Marie bergegas menuju tempat Kenny, tempat yang akan menjadi tempatnya pula untuk beberapa bulan kedepan. Sebelum dia kembali ke Bandung lagi, bersama ayahnya yang kini sedang mengurus proses perceraian. Ia ke Karawang karenya pesan kedua orang tuanya, memintanya tinggal dengan tantenya agar kedua orang tuanya bisa menyelesaikan peekerjaan rumah tangga mereka. Marie tak pernah tahu kalau orang tuanya akan bercerai. Yang ia tahu, orang tuanya kurang rukun.
“hai, aku Marie.” suara lembutnya mengaketkan lamunan Kenny. Kenny spontan, dengan cepat menolehkan wajahnya ke belakang. Wajah mereka hampir bertabrakan. Hanya berjarak 2 senti sekarang. Seluruh wajah menghadap mereka berdua, seluruh siswa, baik perempuan maupun laki-laki bersuit-suit, kembali menciptakan kegaduhan sesaat.

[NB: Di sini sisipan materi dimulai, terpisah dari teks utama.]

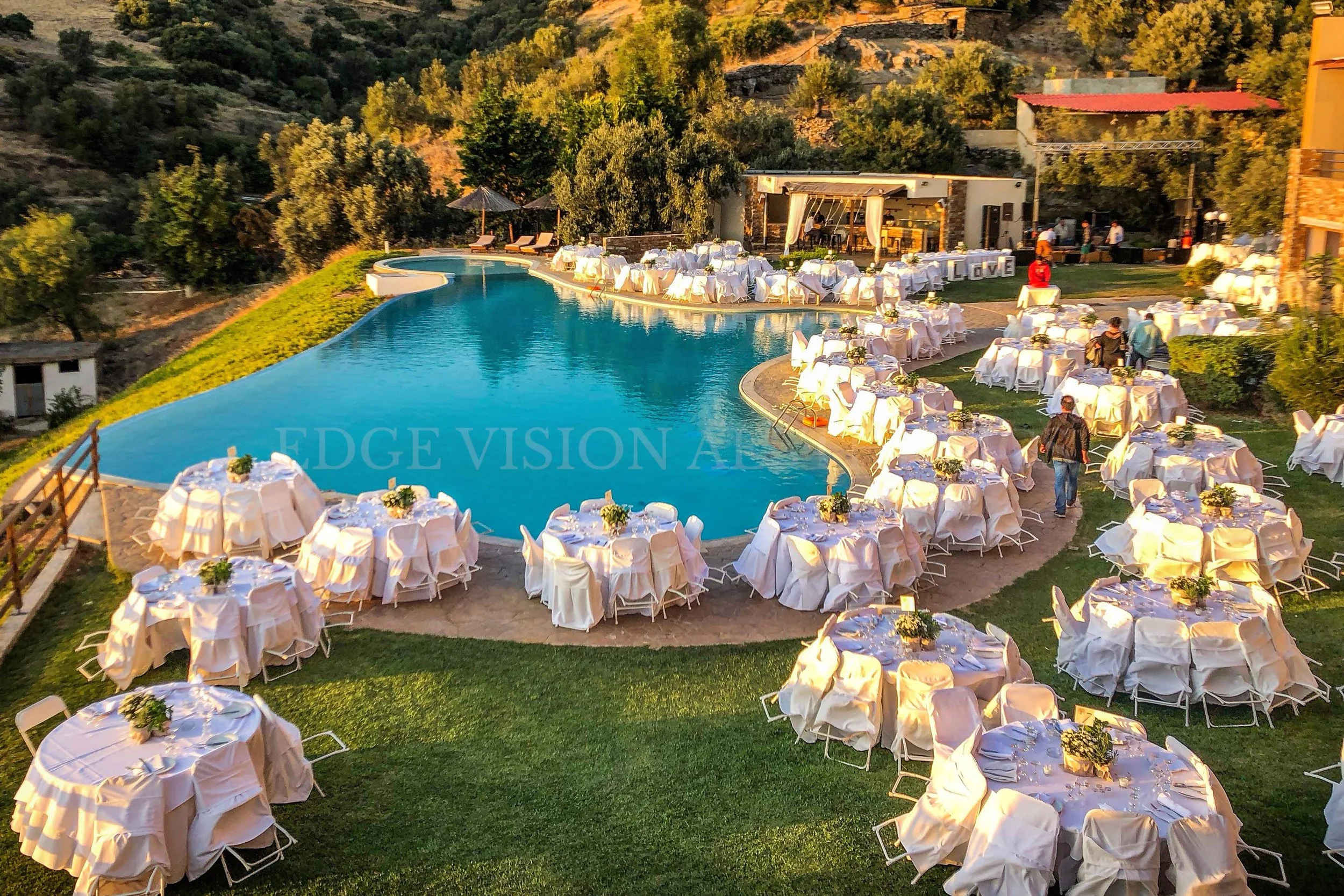 Food & Beverage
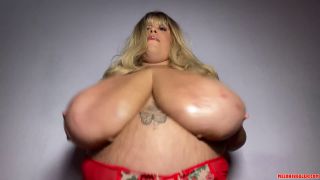 ANGEL SHAKES HER MASSIVE TITTIES - Solo-8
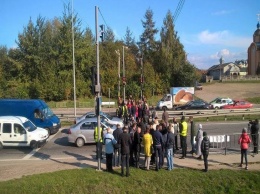 Под Львовом местные перекрывали трассу на Чоп из-за отмены маршрутного рейса в их село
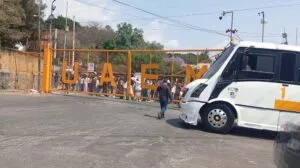 Estudiantes realizan bloqueo en la UAEM en Cuernavaca para exigir la aparición de Kimberly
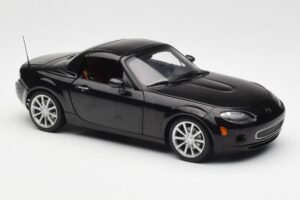 Mazda MX-5 NC Roadster Retractable Hardtop US Spec Schwarz AUTOart 1:18 75971 Metall — Bild 8 von 10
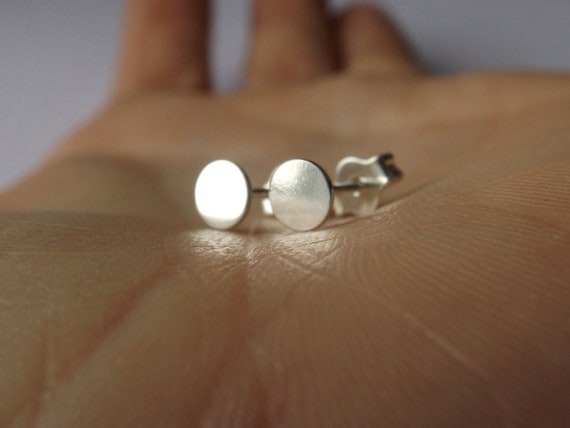 Tiny Disc Earrings,Disc Earrings,Circle Earrings,Simple Earrings,Modern Earrings,Stud Earrings,Simple Minimalistic Earrings,Gift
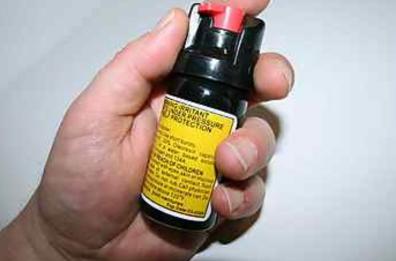 Cerignola, spray peperoncino a scuola: malore per 3 studenti allergici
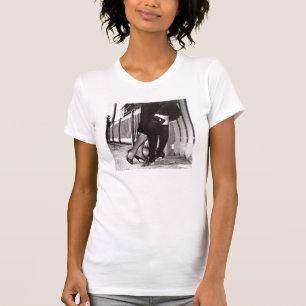 Lesbische Beine küssen T-Shirt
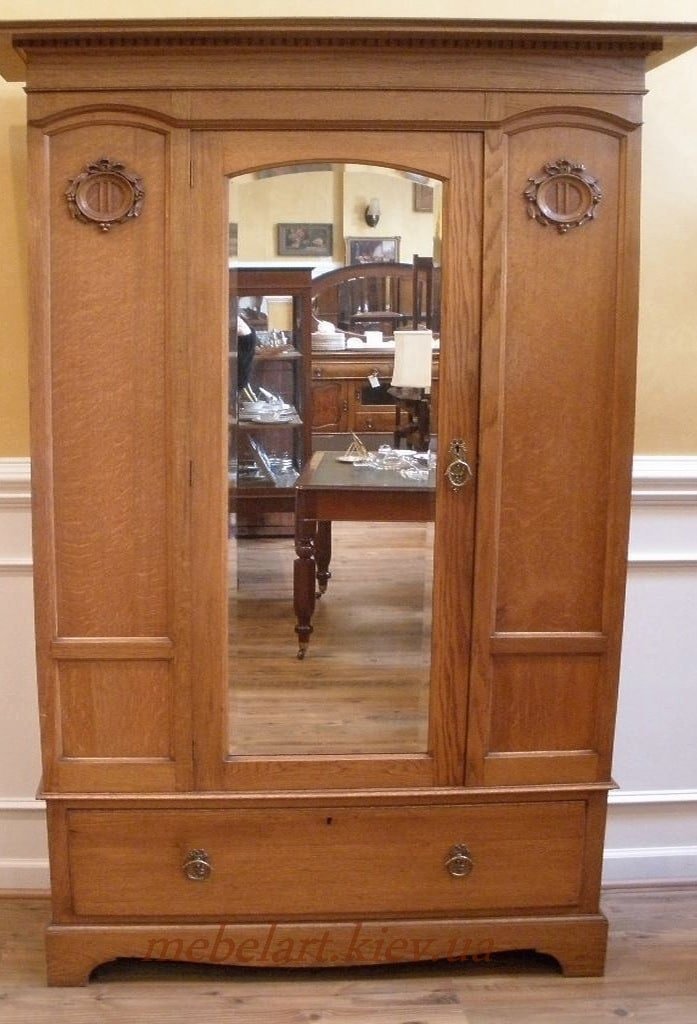 шкаф из сосны с зеркалом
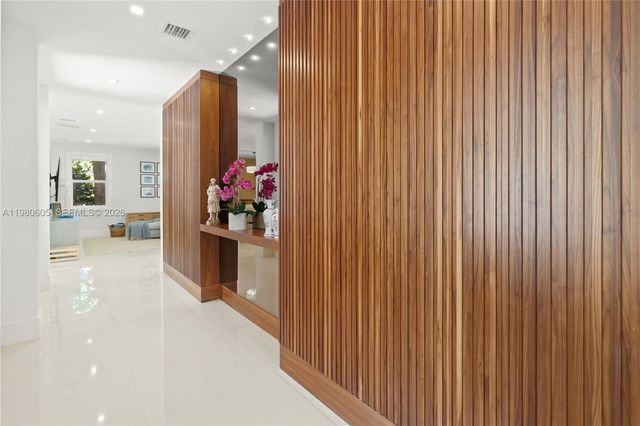 5700 SW 86th Street, South Miami, FL 33143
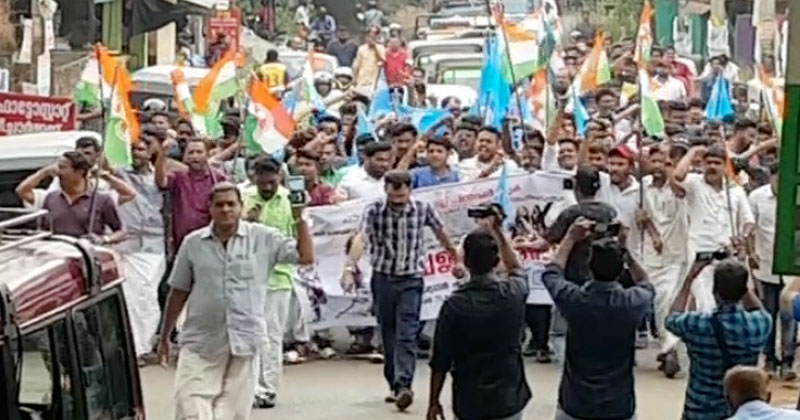 പൗരത്വബില്ലിനെതിരെ നിലമ്പൂർ റെയിൽവെ സ്റ്റേഷനിലേയ്ക്ക് യൂത്ത് കോൺഗ്രസ്-കെ.എസ്.യു  മാർച്ച് ;  മാര്‍ച്ചിന് നേരെ പോലീസ് ലാത്തിച്ചാർജ്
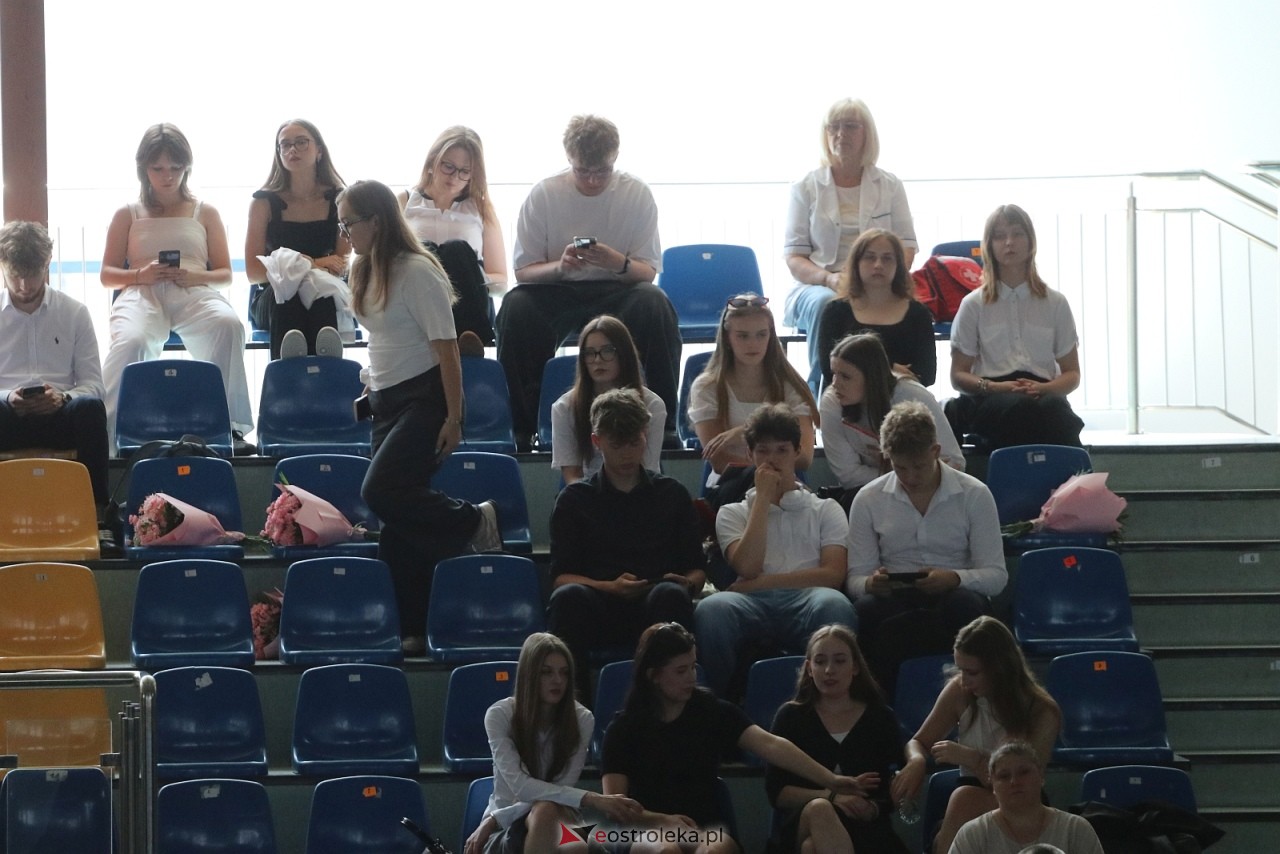 Zakończenie roku szkolnego w II LO w Ostrołęce [26.06.2026] - zdjęcie #77 - eOstroleka.pl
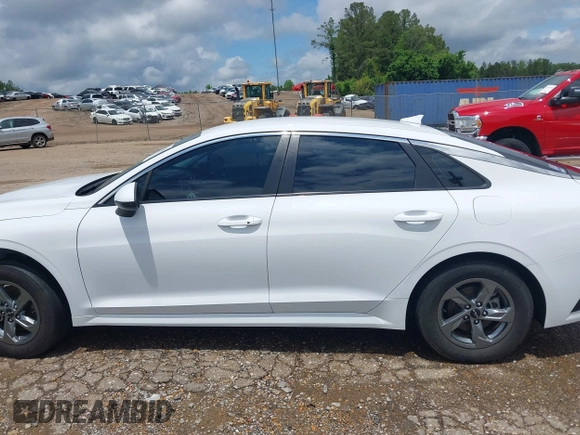 2023 Kia K5 LXS z VIN 5XXG14J2XPG210651, wystawiony jako IAAI lot #42243437 z przebiegiem 37 367 mil mil oraz . Historia ofert i sprzedaży dostępna na DreamBid. Obrazek 14.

Selama dua bulan mereka sudah saling mengenal dengan baik satu sama lain. Sangat baik. Mengetahui makanan favorit, tempat impian, lagu, buku cerita, film favorit mereka. Kenny lebih bersemangat untuk bersekolah sejak itu. Marie yang begitu baik dan pengertian membuatnya berubah dari sifatnya yang pendiam, muram dan sukar berkomunikasi dengan orang lain. Semua temannya pun kini tidak sungkan dan mengurangi ejekan mereka pada Kenny, karena mereka sudah mengetahui bahwa Kenny ternyata sangat baik.
Mereka berdua duduk di bawah pohon jambu air besar yang rindang, dimana banyak sepeda berjejer tak beraturan menemani mereka. Marie mengajak Kenny berfoto dengan kamera Handphone Nokia 6600-nya. Mereka berfoto. Manis sekali hasil potretan itu.